Morgan Stanley noted in its report that online lenders lent as much as $7.9 billion to small businesses in 2015. The lending growth of 68% year-on-year evidence that online lending industry is gaining traction and firming up its foot print in the small business market.
But, there is no denial that the online lending channel has a massive room to take over as it has been able to capture only 3.3% of the total small business lending market. At the current rate, it is anticipated that the online lending could claim as much as 20% of the total loan market by 2020 and could even become a $200 billion market on an annual basis.
Why growth is rampant?
Karen Gordon Mills, who has authored, “The State of Small Business Lending: Credit Access During the Recovery and How Technology May Change the Game,” explained the logic that why online lending will take prevalence over traditional sources of funding. Mills added that the absence of cost efficiency in processing small sized loans made banks reluctant to approve them. Moreover, the stringent credit score requirements made several small businesses ineligible to approach banks. This is where the role of online lending platforms comes into play, which is filling in the gap created due to lack of funding options.
Mills highlighted the three common online lending models that are available right now.

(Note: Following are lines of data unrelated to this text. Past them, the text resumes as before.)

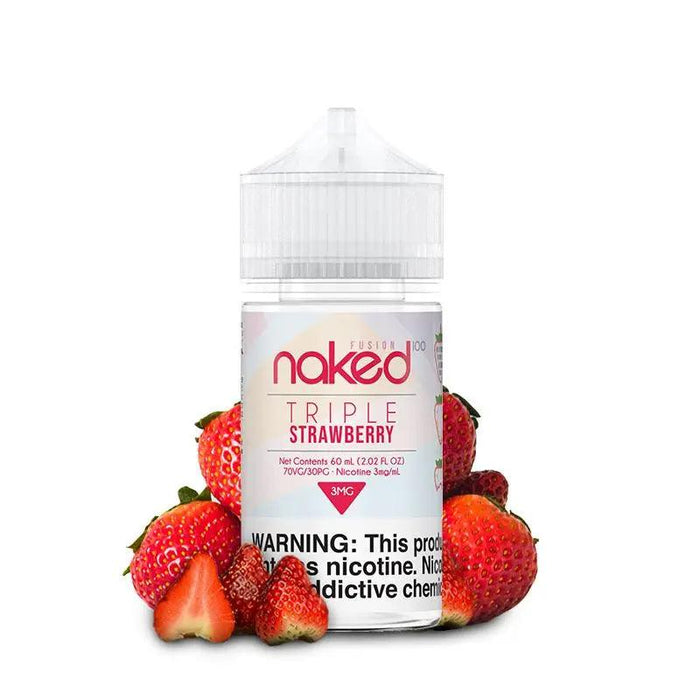 Naked 100 Fusion 60ml - Triple Strawberry Naked 100 E-Liquid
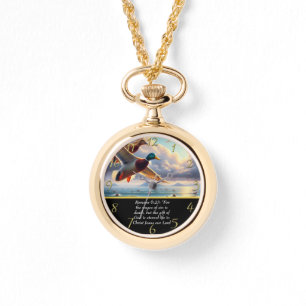 Romans 6:23 Christian Faith cross with ducks   Watch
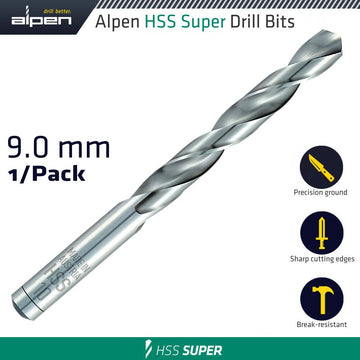 Image of a Alpen HSS Super Drill Bit 9mm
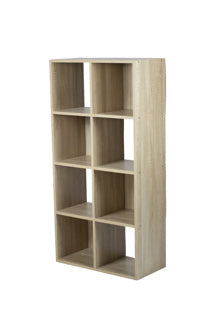 Kenneth e librero cubo unit or roble W61,5 x H122,5 x D29,5 cm-KCWD2022052-O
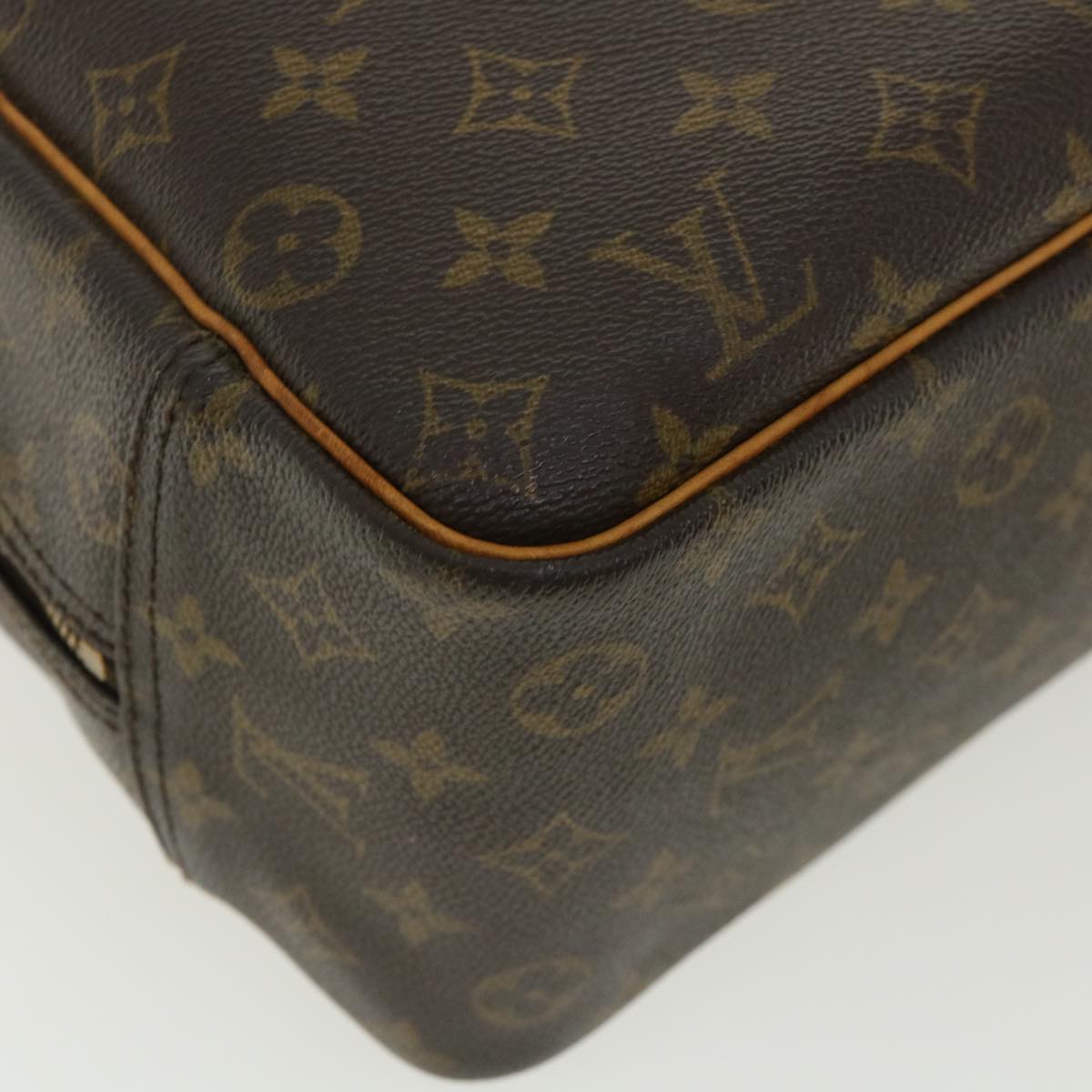 LOUIS VUITTON Monogram Deauville Hand Bag M47270 LV Auth rz494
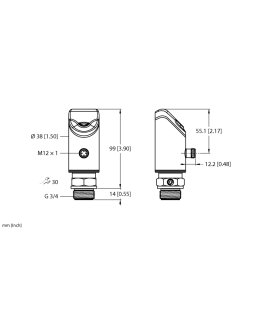 Front-Flush Pressure Sensor PS311-0V-06-LI2UPN8-H1141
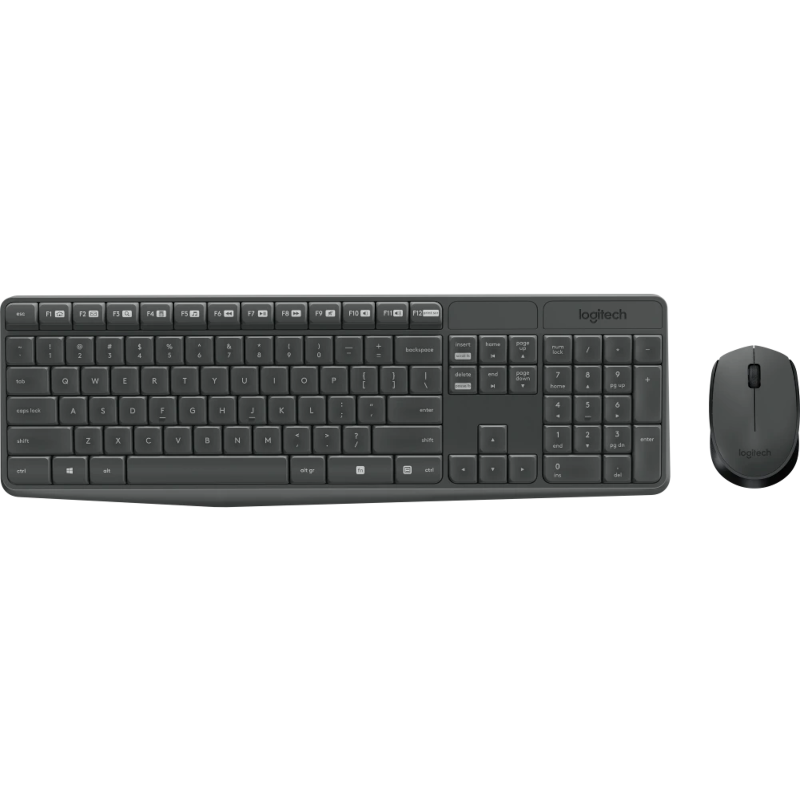 Клавіатури в комплекті з мишею Logitech MK235 Wireless Combo (920-007931)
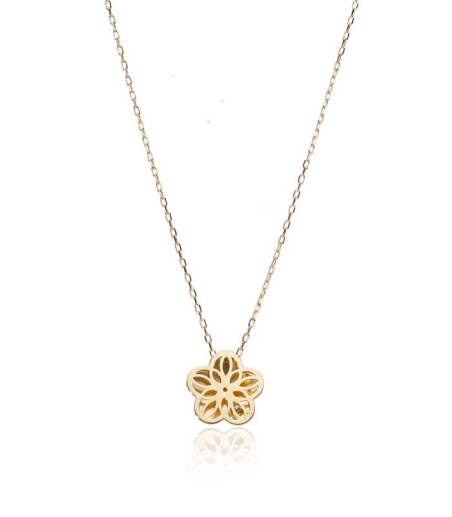 Gargantilla Oro 18k y diamante 0.015cts "Tamanar"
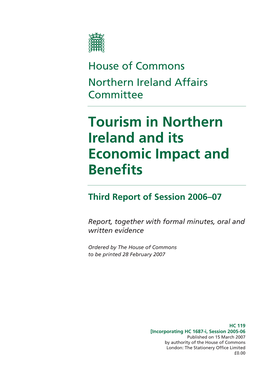 Tourism in Northern Ireland and Its Economic Impact and Benefits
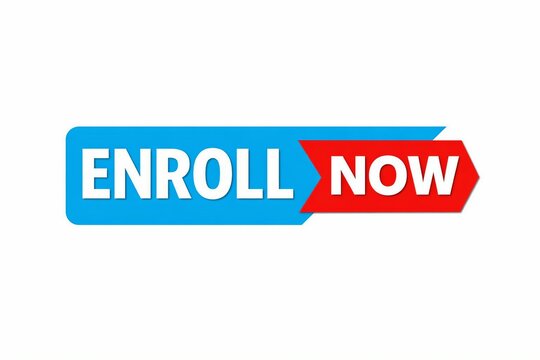 Colorful call-to-action banner encouraging immediate enrollment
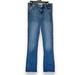 Free People Jeans | Free People Skinny Jeans Slim Frayed Hem Denim Bohemian Size 26 Mid Rise | Color: Blue | Size: 26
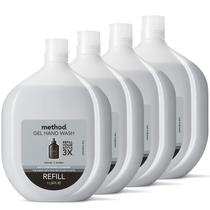 Método de recarga de lavagem à mão Premium Gel Vetiver + Amber 1Lx4 Método de recarga de lavagem à mão Premium Gel Vetiver + Amber 1Lx4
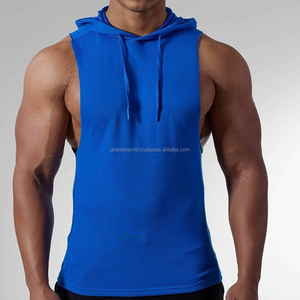 <b>Sleeveless</b> Hoodies Gym Hoodies <b>Mens</b> Fitness <b>Hoodie</b> - Product Image 1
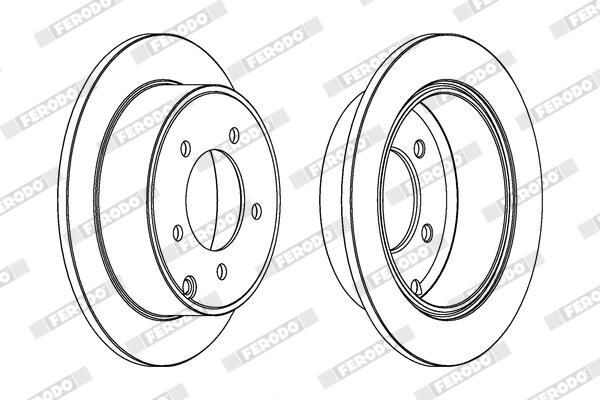 FERODO DDF1762C Brake Disc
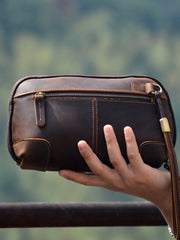 Brown Men's Leather Clutch Purse - iwalletsmen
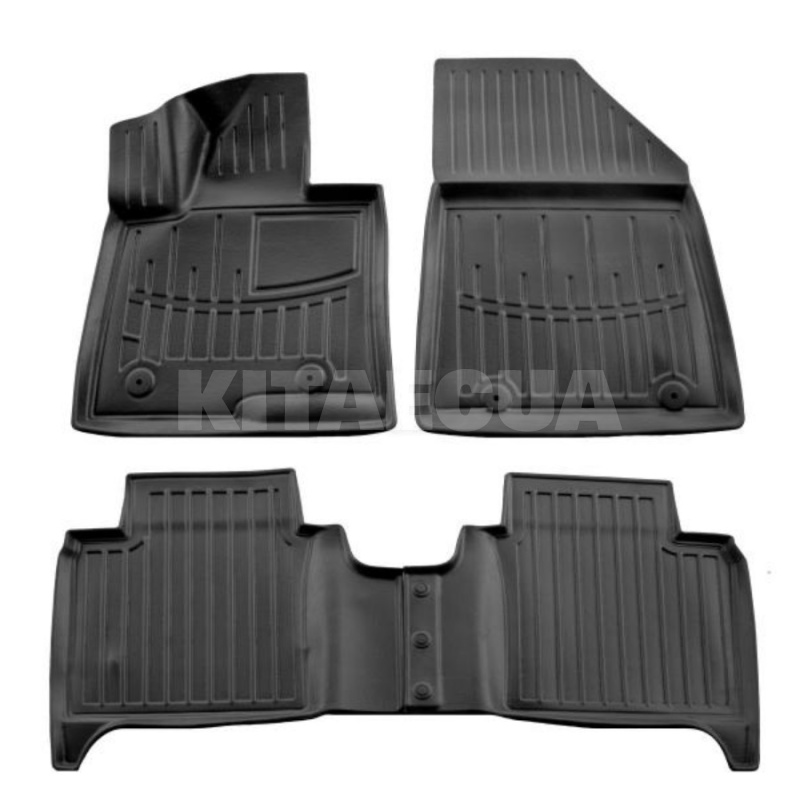 Резиновые коврики в салон ZEEKR X (2022-...) Stingray на ZEEKR X (5070024)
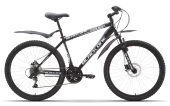 Велосипед BLACK ONE Hooligan Disc 26" черно-серый 19" (H000004092)(скоростей 18, ТормозаJAK-YK5 дисковые механич., переключатели - SHIMANO RD-TY21A/DNP, диаметр колес 26", тип амортизации(вилка) - пружинная стальная, вид велосипеда - хардтейл, мат
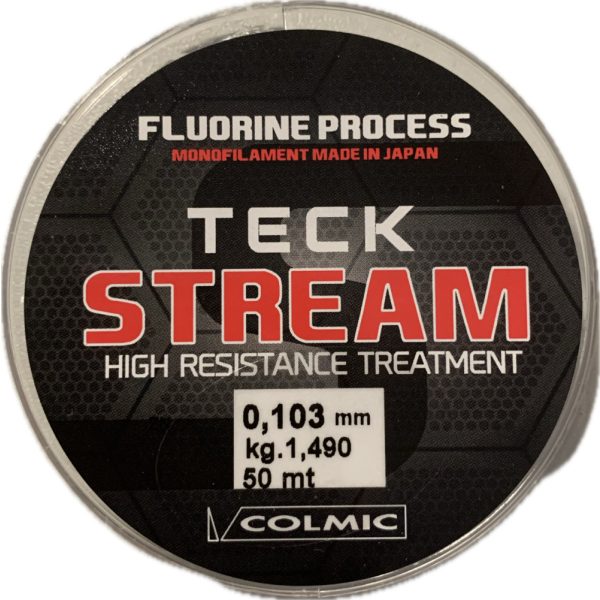 Colmic Teck Stream 50m 0,103mm monofilament leader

- Peer-to-Peer Lending – Under this platform, lenders connect all kinds of borrowers to both institutional and retail investors. However, the focus is mainly on those borrowers who fail to get loans processed through banks. Lending Club, Funding Circle and Prosper are some of the companies involved in such lending.
- Small Business Lending – These platforms raise money from institutional investors to extend it to small businesses. The lenders use their own risk evaluation toll to determine risk and credit profile of the borrower. The most known players in such form of lending are Kabbage and OnDeck.
- Online Marketplaces – Such platforms connect borrowers to multiple lenders, including conventional lenders, thereby raising the probability of getting the loan approved. Biz2Credit and Fundera are few companies engaged in such lending.
While lenders see an improvement in application ratio, most of them believe that there is a greater need for educating small businesses about the presence of alternative options, which in turn can boost the industry growth.